In Hugo & Rose, I was particularly interested in exploring the way humans deal with trauma. Without giving the end away, I can say that both Rose and Hugo suffered a trauma that their shared dreams helped them survive...but when the dreams did not evolve, it actually handicapped their growth. This best metaphor for this is using crutches for a sprained ankle--it is helpful while you are injured, but if you continue to use then after you have healed, your body will atrophy.

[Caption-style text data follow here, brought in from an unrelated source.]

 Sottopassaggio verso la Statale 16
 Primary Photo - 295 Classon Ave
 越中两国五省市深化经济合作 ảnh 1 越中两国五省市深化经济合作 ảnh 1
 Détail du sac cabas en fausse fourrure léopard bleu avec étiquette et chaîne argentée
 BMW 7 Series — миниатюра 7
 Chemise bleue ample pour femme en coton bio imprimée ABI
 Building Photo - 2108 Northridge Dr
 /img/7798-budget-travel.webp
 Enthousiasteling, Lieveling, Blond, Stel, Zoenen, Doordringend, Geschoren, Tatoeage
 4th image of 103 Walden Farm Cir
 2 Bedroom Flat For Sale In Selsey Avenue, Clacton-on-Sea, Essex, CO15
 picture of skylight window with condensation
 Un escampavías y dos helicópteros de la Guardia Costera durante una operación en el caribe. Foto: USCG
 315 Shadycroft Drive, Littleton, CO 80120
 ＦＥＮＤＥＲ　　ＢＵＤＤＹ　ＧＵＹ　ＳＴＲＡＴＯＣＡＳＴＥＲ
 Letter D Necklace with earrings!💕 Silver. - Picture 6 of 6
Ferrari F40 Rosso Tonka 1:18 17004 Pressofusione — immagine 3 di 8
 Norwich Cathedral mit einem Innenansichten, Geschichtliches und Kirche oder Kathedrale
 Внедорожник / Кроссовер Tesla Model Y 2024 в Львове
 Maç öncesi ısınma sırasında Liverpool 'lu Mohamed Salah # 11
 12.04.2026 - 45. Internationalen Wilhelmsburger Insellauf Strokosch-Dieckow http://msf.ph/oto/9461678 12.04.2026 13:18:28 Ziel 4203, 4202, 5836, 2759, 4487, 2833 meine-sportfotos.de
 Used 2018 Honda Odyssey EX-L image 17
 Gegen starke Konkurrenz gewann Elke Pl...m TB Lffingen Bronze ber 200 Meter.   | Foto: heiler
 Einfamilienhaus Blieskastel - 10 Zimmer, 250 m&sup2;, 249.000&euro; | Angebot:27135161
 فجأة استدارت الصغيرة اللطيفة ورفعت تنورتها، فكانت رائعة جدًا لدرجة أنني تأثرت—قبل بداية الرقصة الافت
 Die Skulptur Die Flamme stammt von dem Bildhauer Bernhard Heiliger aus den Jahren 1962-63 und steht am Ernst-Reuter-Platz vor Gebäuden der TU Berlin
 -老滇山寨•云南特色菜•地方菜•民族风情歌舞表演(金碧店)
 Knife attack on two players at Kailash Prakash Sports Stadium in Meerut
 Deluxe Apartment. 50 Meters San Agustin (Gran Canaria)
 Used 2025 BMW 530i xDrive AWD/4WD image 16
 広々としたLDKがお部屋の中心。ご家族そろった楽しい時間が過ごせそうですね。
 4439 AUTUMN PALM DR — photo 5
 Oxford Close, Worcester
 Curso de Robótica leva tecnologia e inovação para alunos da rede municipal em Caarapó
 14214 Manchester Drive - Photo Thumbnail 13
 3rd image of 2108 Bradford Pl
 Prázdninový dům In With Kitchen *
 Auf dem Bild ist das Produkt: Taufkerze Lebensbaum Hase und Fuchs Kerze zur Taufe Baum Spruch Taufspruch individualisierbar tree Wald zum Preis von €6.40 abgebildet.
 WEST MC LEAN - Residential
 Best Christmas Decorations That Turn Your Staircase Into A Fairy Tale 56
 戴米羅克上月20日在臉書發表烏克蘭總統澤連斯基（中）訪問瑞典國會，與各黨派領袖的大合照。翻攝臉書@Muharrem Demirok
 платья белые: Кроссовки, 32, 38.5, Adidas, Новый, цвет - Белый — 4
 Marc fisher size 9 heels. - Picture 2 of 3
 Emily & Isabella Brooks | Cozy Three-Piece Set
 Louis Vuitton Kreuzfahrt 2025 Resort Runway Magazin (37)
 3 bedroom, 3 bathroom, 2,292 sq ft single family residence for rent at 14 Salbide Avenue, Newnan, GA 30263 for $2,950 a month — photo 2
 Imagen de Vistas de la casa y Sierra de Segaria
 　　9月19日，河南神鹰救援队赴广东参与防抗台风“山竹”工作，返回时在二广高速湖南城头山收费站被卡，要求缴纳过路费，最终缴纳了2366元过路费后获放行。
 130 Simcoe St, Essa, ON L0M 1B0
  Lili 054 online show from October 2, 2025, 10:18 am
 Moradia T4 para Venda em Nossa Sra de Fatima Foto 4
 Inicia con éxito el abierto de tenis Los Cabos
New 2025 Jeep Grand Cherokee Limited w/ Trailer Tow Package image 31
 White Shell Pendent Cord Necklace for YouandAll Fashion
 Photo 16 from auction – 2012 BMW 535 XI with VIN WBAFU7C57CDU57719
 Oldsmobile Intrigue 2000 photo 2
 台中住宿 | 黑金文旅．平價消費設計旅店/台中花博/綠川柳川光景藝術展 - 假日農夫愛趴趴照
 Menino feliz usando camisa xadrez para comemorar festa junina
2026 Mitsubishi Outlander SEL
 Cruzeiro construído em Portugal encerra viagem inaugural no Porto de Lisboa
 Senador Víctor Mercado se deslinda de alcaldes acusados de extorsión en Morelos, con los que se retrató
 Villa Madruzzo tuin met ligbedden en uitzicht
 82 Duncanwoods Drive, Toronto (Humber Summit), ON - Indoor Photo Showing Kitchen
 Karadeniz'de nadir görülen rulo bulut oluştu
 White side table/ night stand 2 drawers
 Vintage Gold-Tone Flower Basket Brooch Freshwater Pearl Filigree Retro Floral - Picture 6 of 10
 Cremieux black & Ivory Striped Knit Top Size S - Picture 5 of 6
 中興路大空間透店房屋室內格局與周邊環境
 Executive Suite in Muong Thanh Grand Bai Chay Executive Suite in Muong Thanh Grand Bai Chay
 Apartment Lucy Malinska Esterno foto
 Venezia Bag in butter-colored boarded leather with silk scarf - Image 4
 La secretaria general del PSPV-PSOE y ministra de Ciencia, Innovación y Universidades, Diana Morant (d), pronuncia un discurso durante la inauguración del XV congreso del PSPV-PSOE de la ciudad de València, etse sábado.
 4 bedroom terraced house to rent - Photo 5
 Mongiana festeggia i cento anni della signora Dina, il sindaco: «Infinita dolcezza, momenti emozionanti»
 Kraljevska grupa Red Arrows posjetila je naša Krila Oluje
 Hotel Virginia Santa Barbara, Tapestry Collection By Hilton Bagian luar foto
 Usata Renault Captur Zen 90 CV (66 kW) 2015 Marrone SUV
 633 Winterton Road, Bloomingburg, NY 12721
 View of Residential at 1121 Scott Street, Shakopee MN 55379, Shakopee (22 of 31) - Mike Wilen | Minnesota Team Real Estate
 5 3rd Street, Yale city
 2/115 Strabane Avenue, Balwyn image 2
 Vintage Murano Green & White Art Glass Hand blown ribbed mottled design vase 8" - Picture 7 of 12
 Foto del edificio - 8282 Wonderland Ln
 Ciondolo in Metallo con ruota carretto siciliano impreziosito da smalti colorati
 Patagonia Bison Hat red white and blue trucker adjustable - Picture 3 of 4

So in a way, yes, you do have to choose but it should be natural. Your dreams, in all senses of the word, should change as should you. Something isn't working properly, if you want to be living the same life at 40 as you were at 20. Rose senses this when she complains that the island, and its adventures seem juvenile... it's unusual that the dream life of a woman in her thirties is one that is so appealing to her seven and eight year old sons. It is an indication that something has gone awry.

You've been very open about the death of your infant daughter. How has dealing with loss and trauma changed you as a writer, as a person and as a mother?

My daughter, Giddy, died three days before Hugo & Rose found a publisher. My entire journey as a published author has also been that of a grieving parent. People are uncomfortable with infant deaths because they fall so out of the natural order of things. Because of this there is so much unnecessary shame and silence on the part of the grieving parents. I have been stunned by how many people have reached out and said, "me too." Not just people I've just met, but people I've known for years. Grief is lonely, but it is made even more so by the silence of people who share similar grief.

The U.S. stillbirth rate is 1/160. SIDS used to take 1.5/1000, and but today, even with all the measures that have been taken it still claims more than 2,000 babies per year. While those statistics are the most frightening to new and expecting parents, what those numbers mean to everyone is that you probably already know someone who has lost a child. It may be your mother's best friend, your post office clerk or your neighbor. If by being open about my daughter's death I can make one grieving parent feel less lonely during the worst moments of their lives then I am willing to do it. Our children's names should not be whispered.

I am getting to know this "new version" of myself following this loss. I do a lot of "this didn't used to be difficult" head-banging against the wall about my writing and parenting... but then I have put whatever I'm struggling with into context. This is me now... After.

I do sense that I care less about the things that used to obsess me before, and this in large part has to do with context. Having my lifelong dream of having a book published come true on the heels of my daughter's death was a cruel lesson in perspective. And while I think it was an important thing for me to learn, I do dearly wish there had been another way for it to be taught.

As I have been working on my next novel, I have found that I am less afraid of the dark corners, which is funny because Hugo & Rose is already a pretty dark book. But then, life has dark corners, and it behooves no one when we deny them.